Bitcoin v Ethereum Compared on a Cultural Level
Bitcoin and ethereum are both just code and that code doesn’t really have any inherent political attitude or culture, but on a community level the two are somewhat different in their general approach.
A nice comparison here would be Tor and Firefox. The general attitudes of the bitcoin community are a bit like Tor with a strong focus on privacy to an anonymity level, more concerned with serving controversial businesses which are not served by banks rather than with serving ordinary users.
They do, of course, serve ordinary users too, but if there is a tradeoff between the two the former would probably be given priority at the expense of the latter.
Ethereum is different in two primary ways on a cultural level. It maintains a philosophy of “political neutrality” and it tends to focus on the technological aspects of the invention a lot more than other aspects.
It’s a bit like Firefox, focused on privacy and other nice things, but also on speed, on convenience, on being a tech that everyone wants to use and if there is a tradeoff between ideology and pragmatism or fringe uses vs mainstream uses, the latter would most probably be given priority.

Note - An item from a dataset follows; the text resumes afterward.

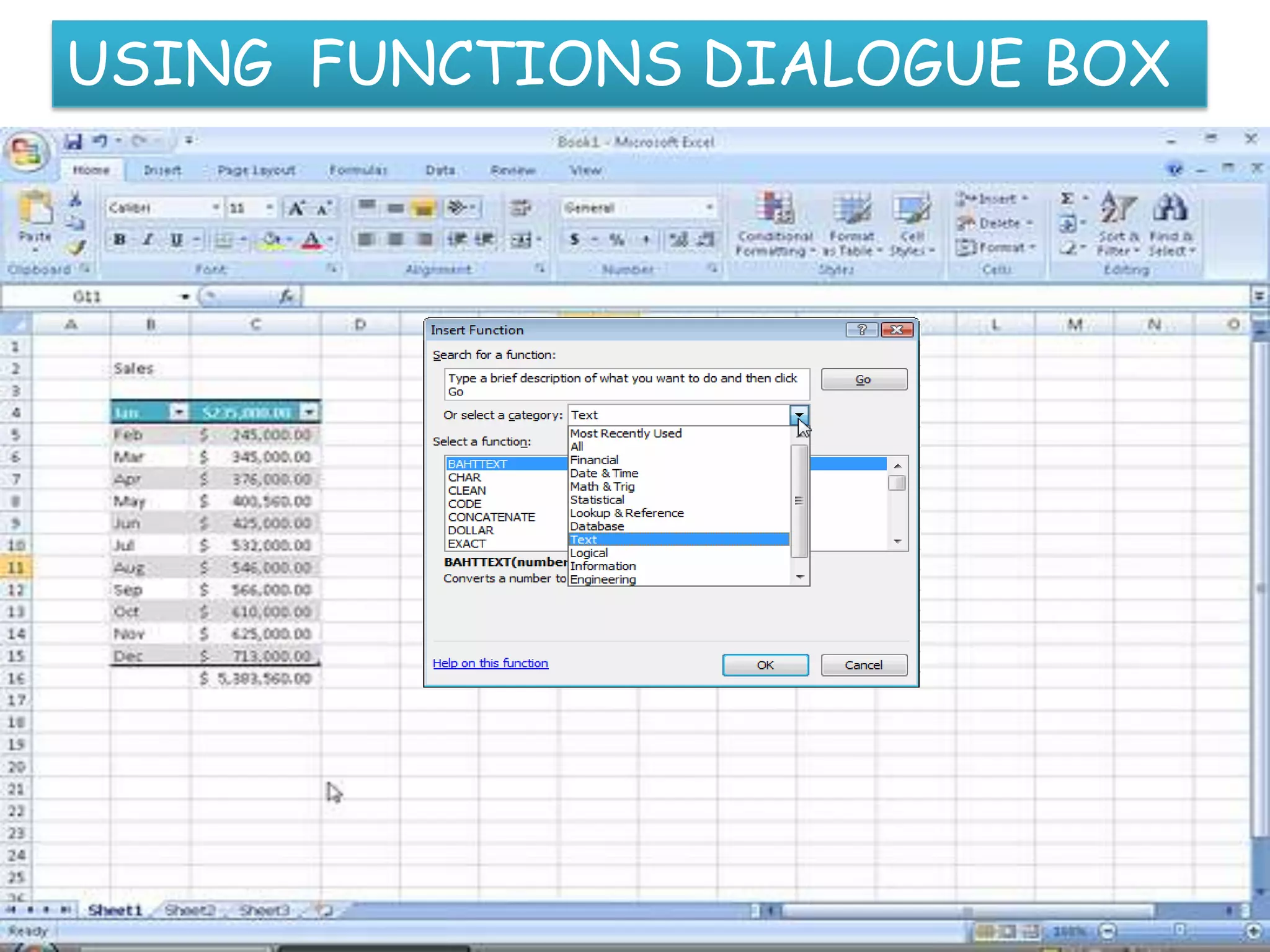 USING FUNCTIONS DIALOGUE BOX
 
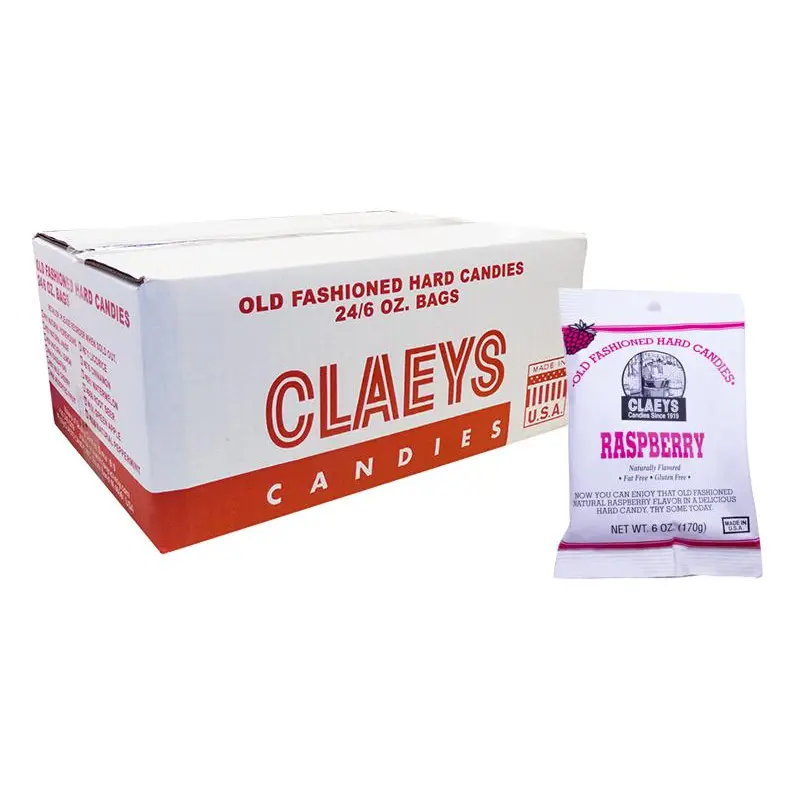 Claeys Candy Raspberry 6oz Bag or 24 Count Box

The above can be shown by the fact that ethereum has gone mainstream as far as businesses are concerned with giant global household brands endorsing it through the Ethereum Enterprise Alliance.
None of them uses the bitcoin blockchain.
Ethereum v Bitcoin, Competitors or Complementary?
The two currencies do in some way serve different markets, but ethereum serves a lot more markets than bitcoin ever can because its blockchain has found wide uses in many industries, ranging from music and gaming, to supply chains and banking, oil and energy, social networks and cars, with most industries finding a use for ethereum.
Whether it likes it or not, just like other technologies like cars or the internet, ethereum too can also serve niche markets that have so far used bitcoin because on a currency level they are hardly any different.
Bitcoin might, however, find a niche in storing value due to its limited number, but which one can really perform that function better may be a matter of network effects.
Eventually, the two might settle on an 80%-20% market share, and if they do, it would be a matter of view on whether that makes them competitors or complementary.